At this point The Coen Brothers could pretty much do anything and I'd zombie my way to the cinema without thinking twice about it. With Gambit, a remake of sorts, it looked like they might have written another farce in the vein of The Ladykillers, a film which I've always felt was wrongly underrated.
Alas, they aren't on directing duty this time...
We follow Colin Firth's art curator as he hires Cameron Diaz's rodeo queen to help him pull off an elaborate heist involving a rare Monet painting. The goal being to piss off Alan Rickman's odious art collector and make quite a few bucks in the process. The film is going for a 60's-style screwball comedy vibe and with a strong cast like this one and a script by the Coens, you'd expect nothing less than a sharp, fun, clever little flick.
Sadly, whatever wit we found in the likes of Fargo and whatever cartoonish shenanigans we found in The Ladykillers are nowhere to be seen in Gambit. Sure the film opens with a Pink Panther-style cartoon credits sequence but what follows is astonishingly charmless. The humour involved lacks bite despite Alan Rickman doing a good job overall and both Firth and Diaz fall flat. Gambit has its amusing moments but it's never actually funny. An absurd 2D turn by Stanley Tucci attempts to steal the show with a part you would have given to Peter Sellers or Jack Lemmon back in the day but because the rest of the film fails to capture the overall atmosphere of that kind of farce, Tucci's performance just comes off as awkward.

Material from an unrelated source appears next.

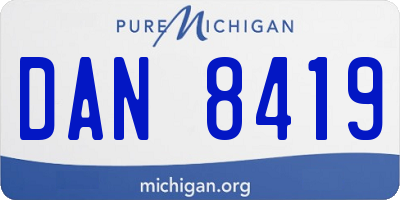 MI license plate DAN8419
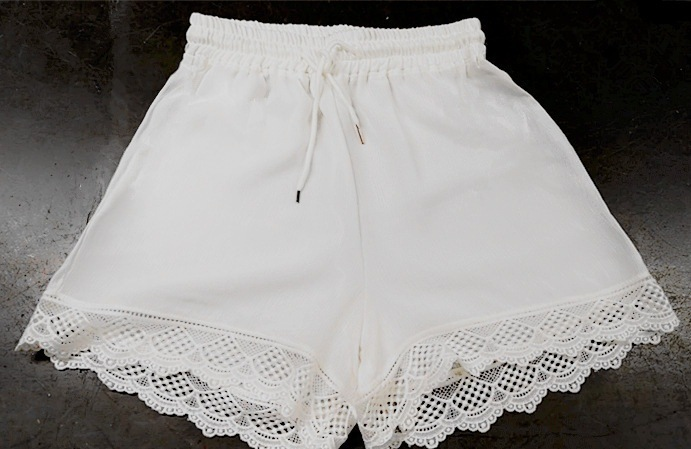 Women's solid color lace up shorts with casual pants_voghion.com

The plot is also a bit of a mess.
First we get a subjective glimpse into what Firth's character intends to achieve through his little plan but soon enough we (and he) are sent hurling back to reality. A clever idea but one which makes little sense with the end "twist". Firth is presented to us as a bumbling goofball with an idea that's simply too big for him, he is deluded and never looks like might pull anything off. Then all of a sudden we're meant to buy the guy as some kind of mastermind. Which is weird because then what about that scene where he was trying to steal a Ming vase from the Savoy hotel by stupidly sneaking out a window with his pants down? Was that all intentional too?
I don't think the filmmakers knew what to make of this movie. Or they knew what they wanted and they just weren't sure about how to approach things. You needed better characters, better jokes, more style, a better score... just better everything.
As it stands, Gambit is a non-event. There are worse films out there, of course, but this is about as forgettable as a comedy can get. Considering the talent involved, this is a disappointment.